▸ **EXERCISE AIM**
Skip the pictures. Retype exactly, and only, the lines between the line holding "Amplop lebaran motif" and the last line below, inclusive.

▸ **TASK INPUT**
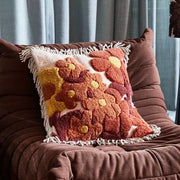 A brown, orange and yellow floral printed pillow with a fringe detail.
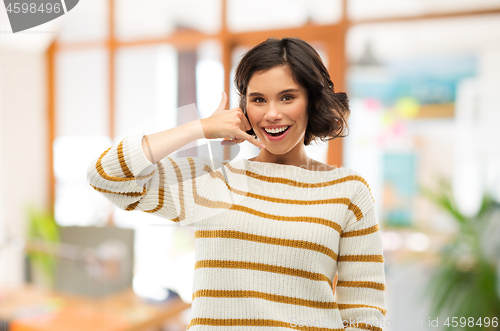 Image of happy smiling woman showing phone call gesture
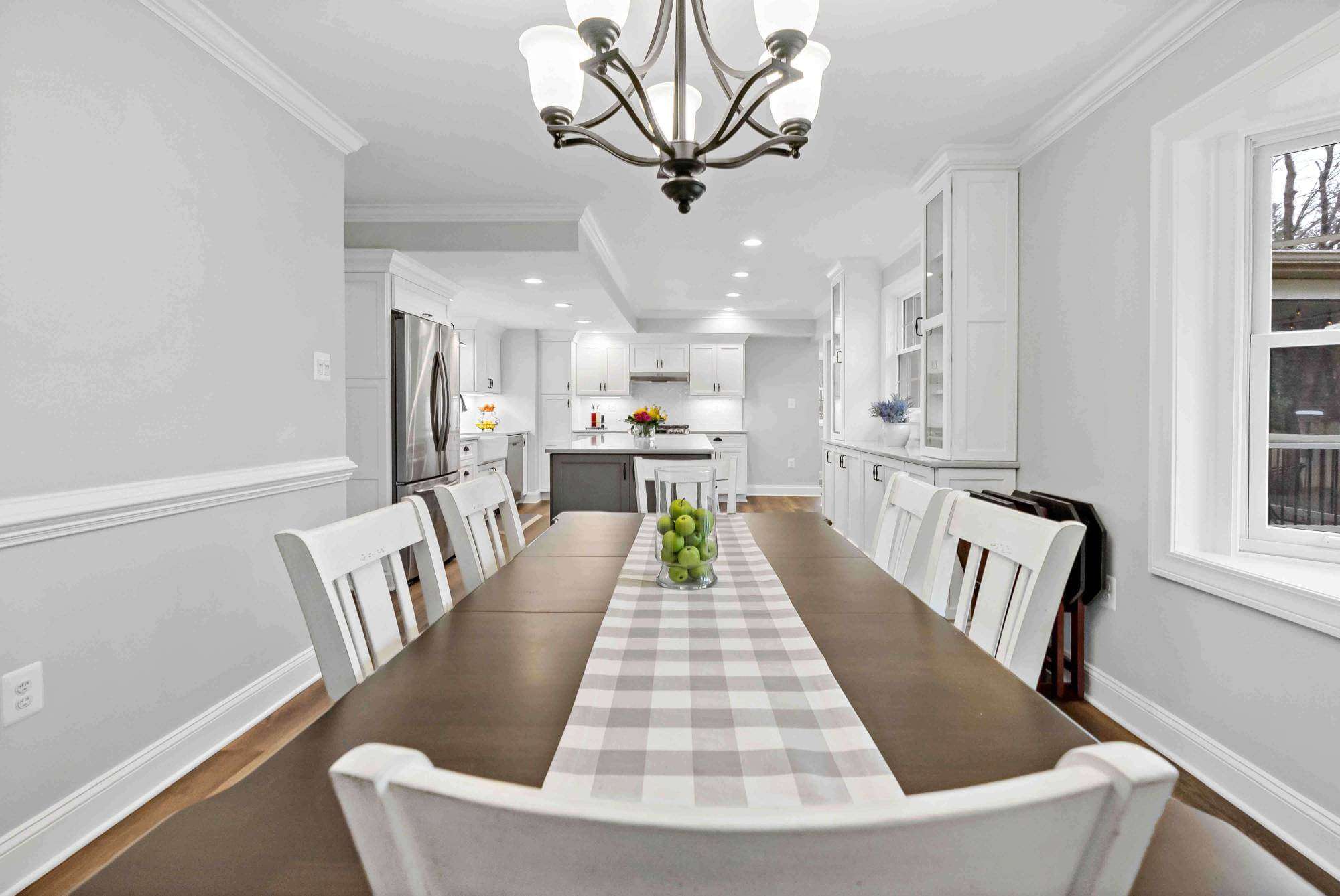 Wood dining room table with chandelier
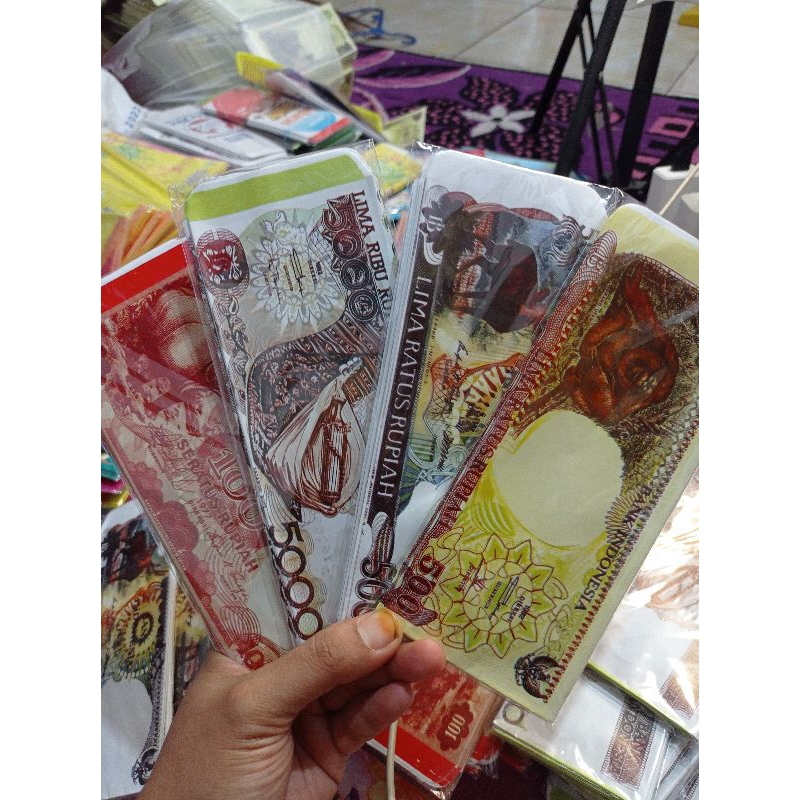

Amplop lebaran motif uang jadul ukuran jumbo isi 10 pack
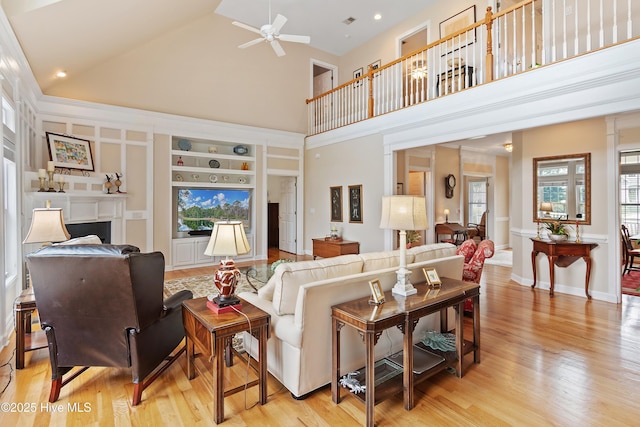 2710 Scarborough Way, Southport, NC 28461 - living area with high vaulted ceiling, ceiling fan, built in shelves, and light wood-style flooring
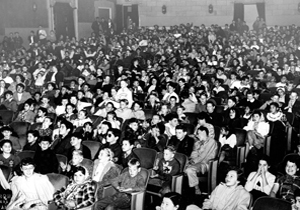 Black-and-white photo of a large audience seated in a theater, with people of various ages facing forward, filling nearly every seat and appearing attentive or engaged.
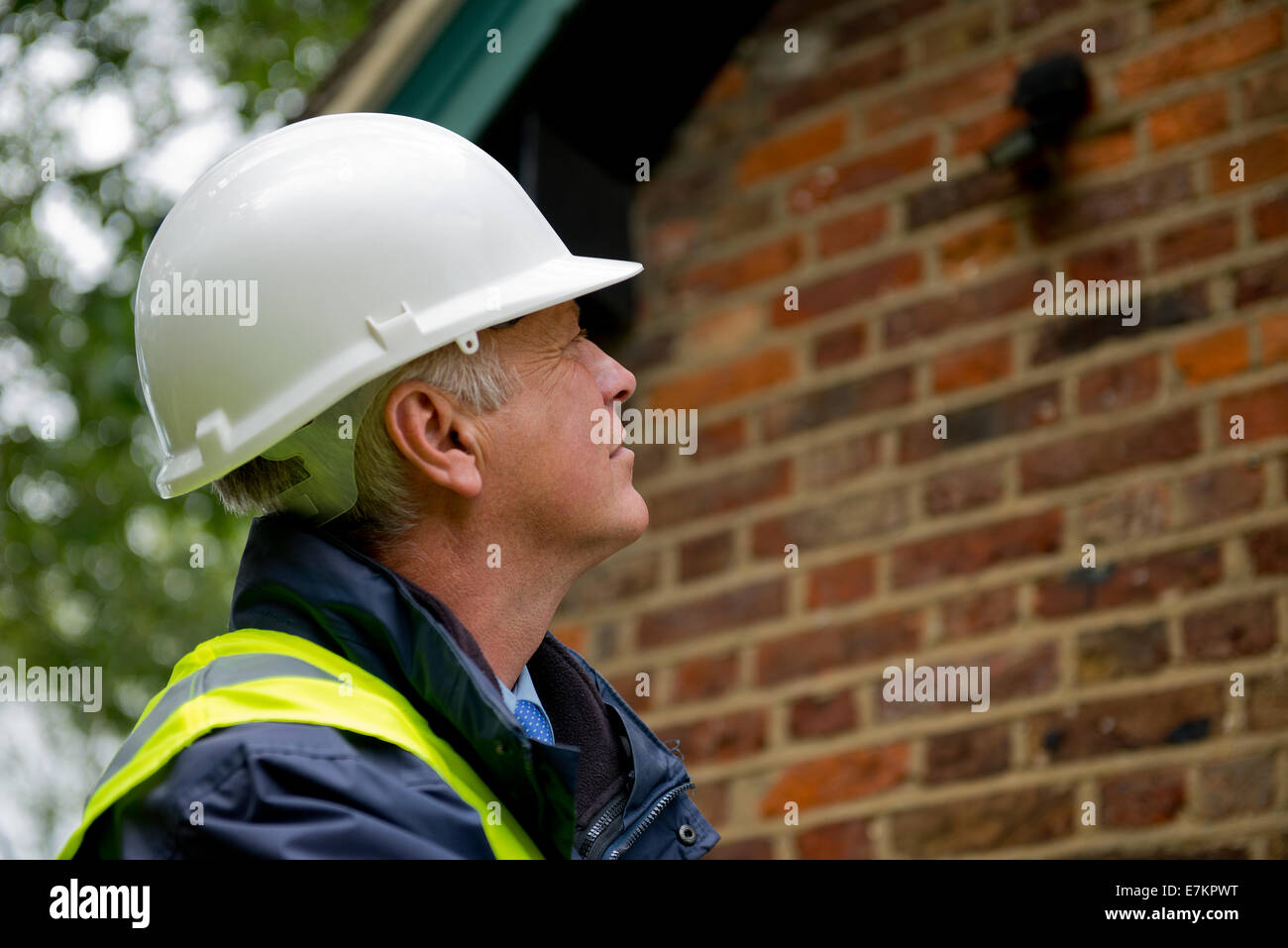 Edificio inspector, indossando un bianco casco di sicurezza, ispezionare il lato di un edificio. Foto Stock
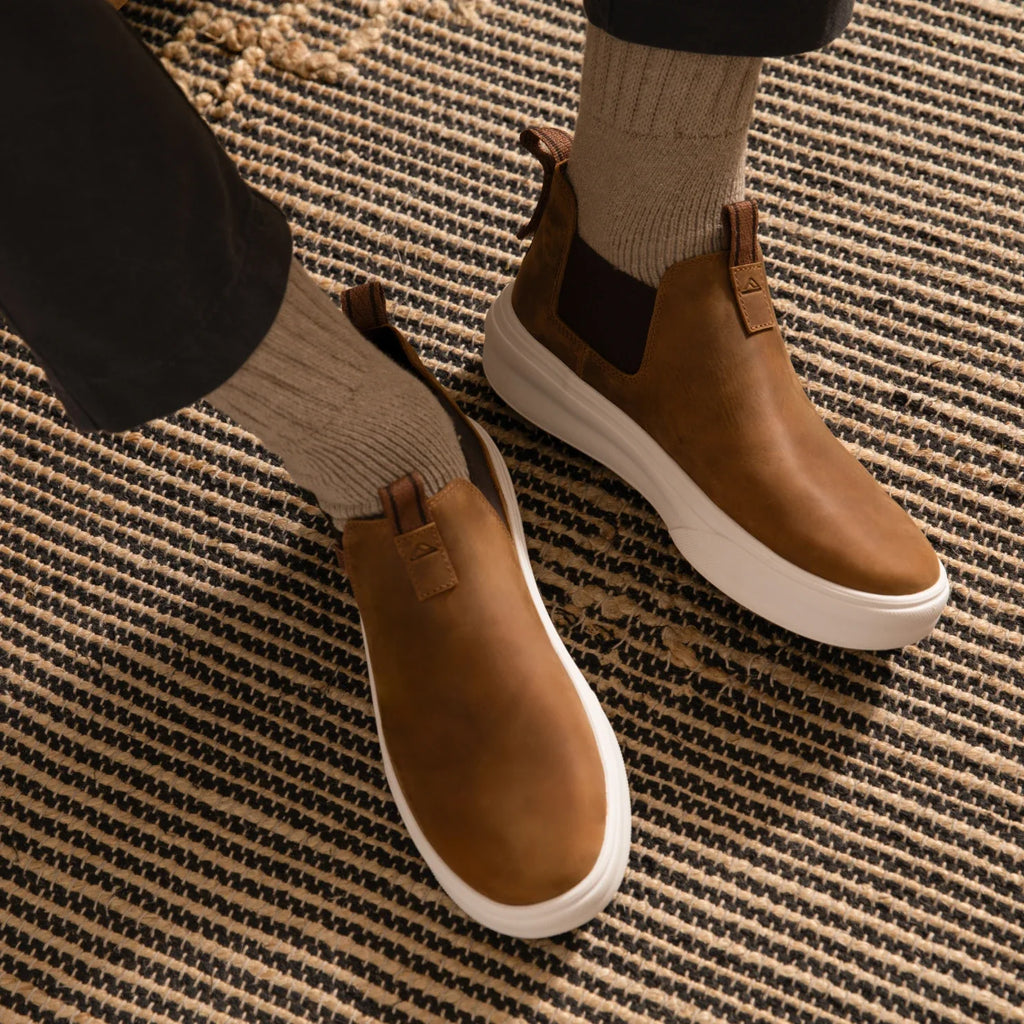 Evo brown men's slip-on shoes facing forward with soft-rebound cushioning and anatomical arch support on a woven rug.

▸ **ANSWER**
Amplop lebaran motif uang jadul ukuran jumbo isi 10 pack
 2710 Scarborough Way, Southport, NC 28461 - living area with high vaulted ceiling, ceiling fan, built in shelves, and light wood-style flooring
 Black-and-white photo of a large audience seated in a theater, with people of various ages facing forward, filling nearly every seat and appearing attentive or engaged.
 Edificio inspector, indossando un bianco casco di sicurezza, ispezionare il lato di un edificio. Foto Stock
 Evo brown men's slip-on shoes facing forward with soft-rebound cushioning and anatomical arch support on a woven rug.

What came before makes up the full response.